Monólogo diante do espelho
“O homem não foi feito para a derrota...
Um homem pode ser destruído, mas não pode ser derrotado.”
(Ernest Hemingway, em “O velho e o mar”)
Não reconheço essa figura que passou a habitar os espelhos onde me procuro numa busca vã. De quem são esses olhos fundos de fadiga e vazios de esperança? Que emboscadas no caminho rasgaram nessa face tantas marcas de expressão que nada exprimem? Não! Não assumo que esse sou eu!
O vigor da juventude esvaiu-se, em boa parte, nos embates que buscavam os sonhos; sonhos que outrora eram o futuro. O futuro é hoje e os sonhos... Ah! Os sonhos! Em sua grande maioria, na alquimia do tempo, temperados e cozidos nos cadinhos da frustração, transmutaram-se em grotescos desencantos.
Com o desenrolar dos capítulos da vida, os desejos ganharam corpo e essência como um vinho num tonel. Mais vivida, a imaginação é tanto mais sábia. Porém, o metabolismo da matéria já não responde com a mesma presteza aos impulsos do que se inventa ou aos rompantes do que se almeja. A experiência é um tipo de sabedoria que mostra tudo que poderia ter sido feito quando se era inexperiente e, agora, de pouco me serve, a não ser para dar conselhos a ouvidos surdos.
Não sou tão velho para ter o respeito que se atribui àqueles que conquistaram os galardões de uma vivência mais extensa. Nem sou tão novo para ter a aceitação de um mundo em que ser jovem é fundamental. Maldição da meia-idade: velho demais para conquistar; novo demais para desistir.
Arrependimentos? Tenho alguns. Mas não o remorso da covardia, porque arrojei-me. Tampouco o ranço da abstinência estéril, porque ousei. Menos ainda a culpa da hipocrisia, porque fui sincero naquilo que abracei. Mas o sucesso não se consolidou totalmente e assim me pergunto: Onde errei? O que fazer? A que buscar?

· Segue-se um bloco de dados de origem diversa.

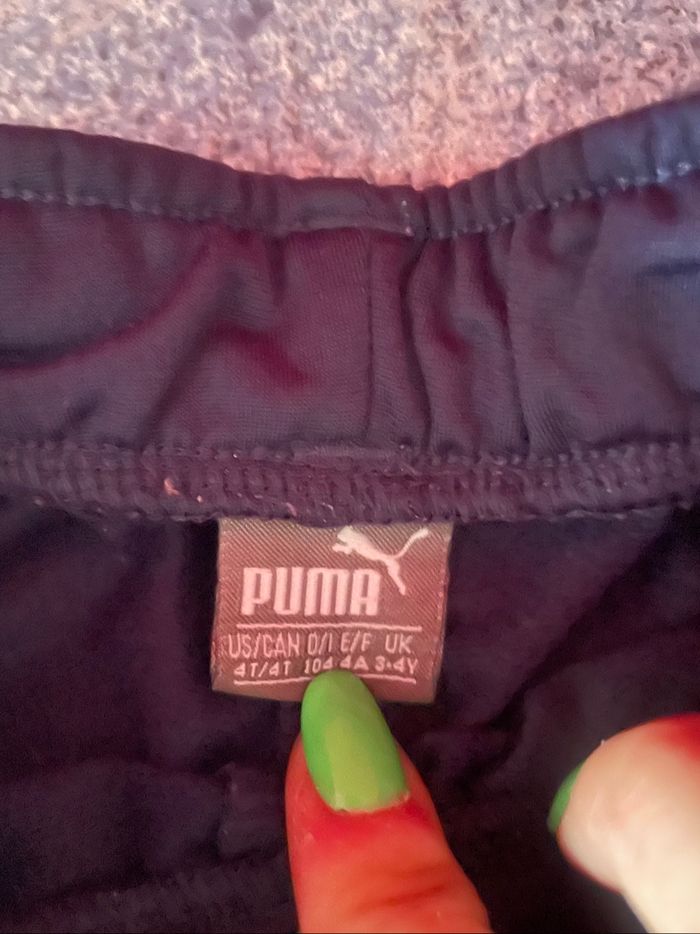 Ensemble puma - photo numéro 3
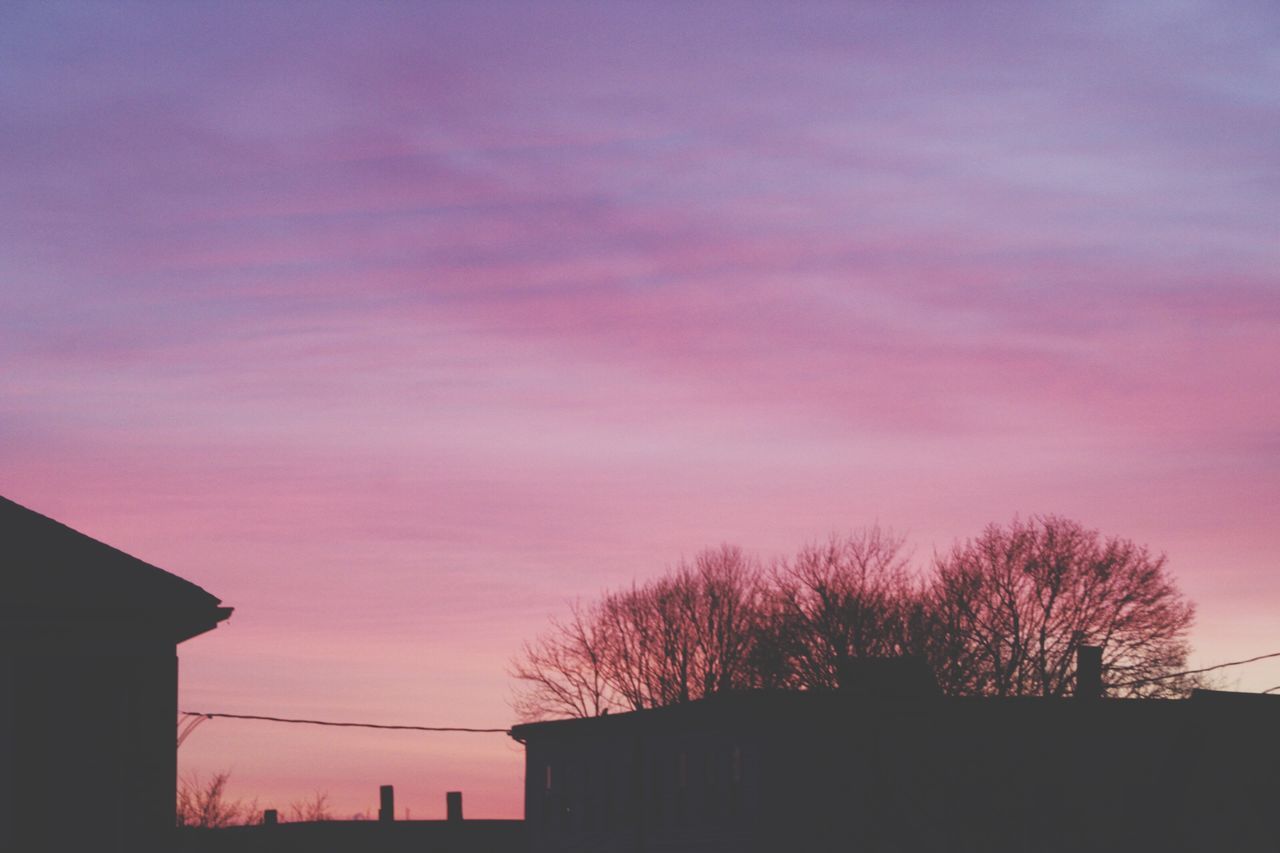 LOW ANGLE VIEW OF SILHOUETTE TREES AGAINST SUNSET SKY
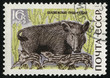 Wild boar, series Animals from Bialowieza Forest Reserve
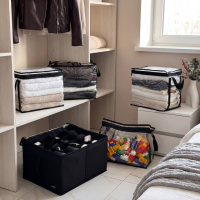 Набор прозрачных сумок для вещей и кофр для обуви до 44 размера ORGANIZE (черный)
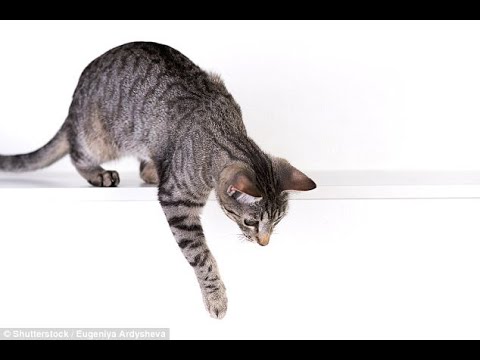 Female cats are more likely to be right-handed than males
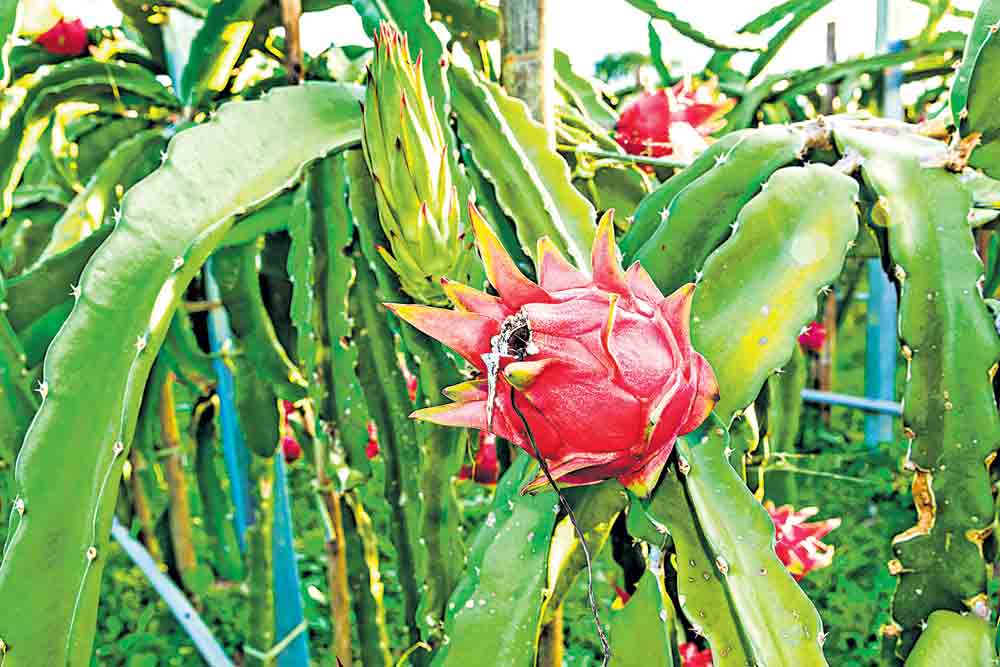 విదేశీ పండు..లాభాలు మెండు!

É certo que pouco tenho que me dê orgulho e, ainda mais certo, que nada existe que me dê vergonha. Mas, sinto que em parte falhei e, o pior de tudo, é que não há ninguém a quem possa pedir perdão. Minha ascendência ficou sábia demais para me condenar. Minha descendência é jovem demais para me perdoar.
Neste instante ilusório, a vida me parece uma seqüência interminável de dias que se arrastam em direção ao fim; sem propósitos de longo alcance; sem esperanças de grande realização; somente com a amarga presunção de que amanhã será sempre o mesmíssimo dia.
A figura no espelho, em silêncio, foi quem me disse que estou quase destruído. Do outro lado estou eu respondendo: mas não derrotado!
Ainda me resta a vontade de viver e sempre haverá escondido um sonho por ser realizado!